| By David Strom | Article Rating: |
|
| February 18, 2013 08:00 AM EST | Reads: |
2,268 |
It isn’t often that you can get access to a thousand-node network to test your latest app, but thanks to the efforts of EMC’s Greenplum unit and some additional computing vendors, you can, and more amazingly, it is free of charge too.
The network was announced last fall at Strata and connects 1,000 specialized servers from Supermicro running dual Intel Xeon processors with 48 GB of RAM apiece along with Mellanox 10 GB Ethernet adapters and switches, and a total of 12,000 Seagate 2 TB drives. It is all contained within Greenplum’s Las Vegas data center, with the goal of having the largest publicly accessible Hadoop cluster around. While Yahoo and eBay and others have some fairly large Hadoop clusters, they generally don’t let anyone else come in and try out their apps. The cluster goes under the name of Analytics Workbench. On this page, you can click on the “learn more” button and submit your name if you are interested in using the cluster.
The goal, according to Greenplum staffers, is to have a community and collaborative big data platform that can be applied to a set of analytical problems that have wide appeal. When the Strata announcement was made last fall, Greenplum stated that they wanted to eventually publish any results from the cluster, but they haven’t yet. Intel was one of the first clients to use the workbench (and running a thousand-node job too), but they are still reviewing their results.
Other clients that are running tests on the cluster include Mellanox and VMware, who both donated gear to power it, and a research team from the University of Central Florida. A group from NASA Goddard is using it to perform an analysis of historical weather patterns. The cluster formally opened up in July, and yes, it is really is free of charge. Applicants need to be vetted and work closely with the Greenplum engineers to get their apps uploaded and configured to the cluster.

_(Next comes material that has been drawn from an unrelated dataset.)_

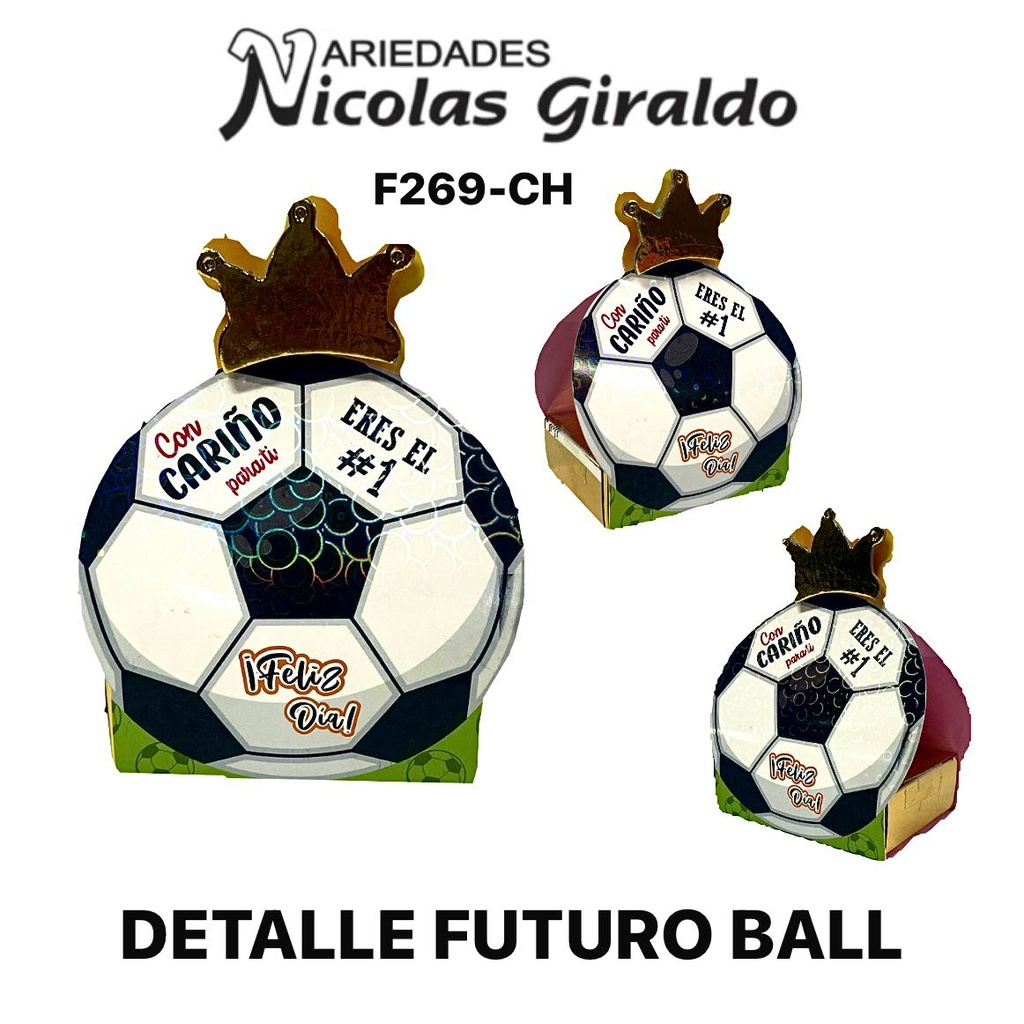 Detalle futuro ball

“We accept bids based on any submitted application and developers can request specific time and resources,” says William Davis, one of the Greenplum product marketers involved with the cluster’s creation. Applications are reviewed by an internal group of Hadoop experts called the Jedi Council, and they try to select who will have the best fit for the next test run on the cluster.

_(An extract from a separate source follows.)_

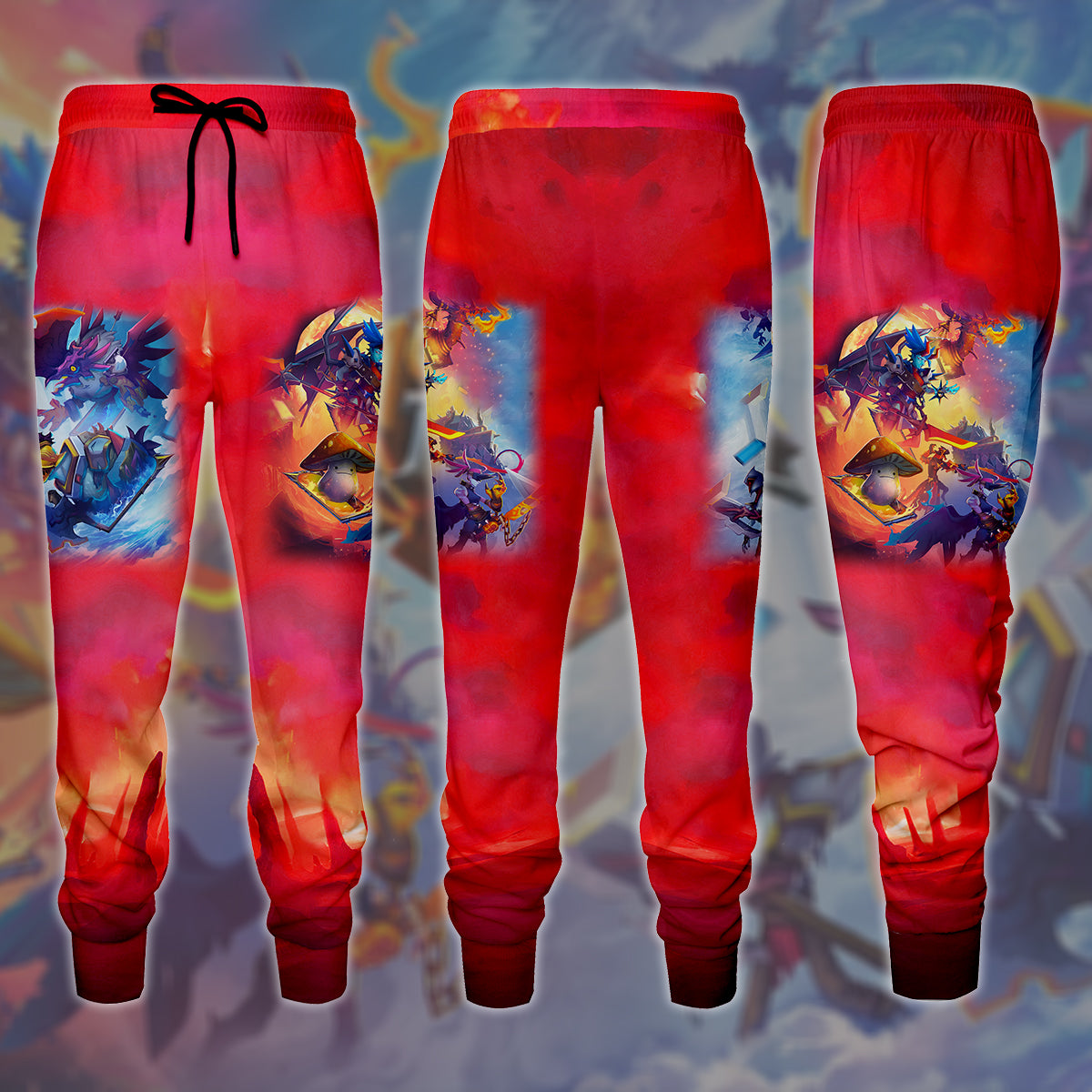 Monster Train 2 Video Game All Over Printed T-shirt Tank Top Zip Hoodie Pullover Hoodie Hawaiian Shirt Beach Shorts Joggers Joggers S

Greenplum intends to use the cluster in a variety of ways besides public testing. Sometime next quarter they will launch a training program for Hadoop. A unique aspect of the program is that each member of the course will be granted access to the cluster to use as a sandbox environment for their own project. They are still working out the details on how this will work. The company has other fee-based programs to leverage its experience with this cluster, including what it calls its Analytics Lab packages. This uses their team of data scientists on specific vertical markets or particular custom applications.
There are several other tools that are offered on the cluster in addition to Hadoop including MapReduce, the parallel job processing software; VMware’s Rubicon system management team; and standard Hadoop add-ons such as Hive, Pig, and Mahout.
Greenplum isn’t the first to have such a large test bed assembled, but probably the first to use this level of gear for Hadoop and other data science activities. In the late 1980s, a group of Novell engineers in Utah created the “SuperLab” which eventually grew to 1,700 PCs connected together. The lab was used to prove the features and scalability of Novell’s Netware network operating system, a piece of software that at one time could be found in most enterprises but now is largely a historical curiosity. Just to give you some perspective, in 1999 the PCs in Novell’s lab had a whopping 256 MB of RAM and 8 GB of storage (try buying that on today’s PCs). How times have changed.
Anyway, the SuperLab team left Novell a few years later and built their own private test lab for a startup called Keylabs. I was one of their early customers, using the facility to publish some of the test results in cNet and other IT publications of the first Web server comparison tests.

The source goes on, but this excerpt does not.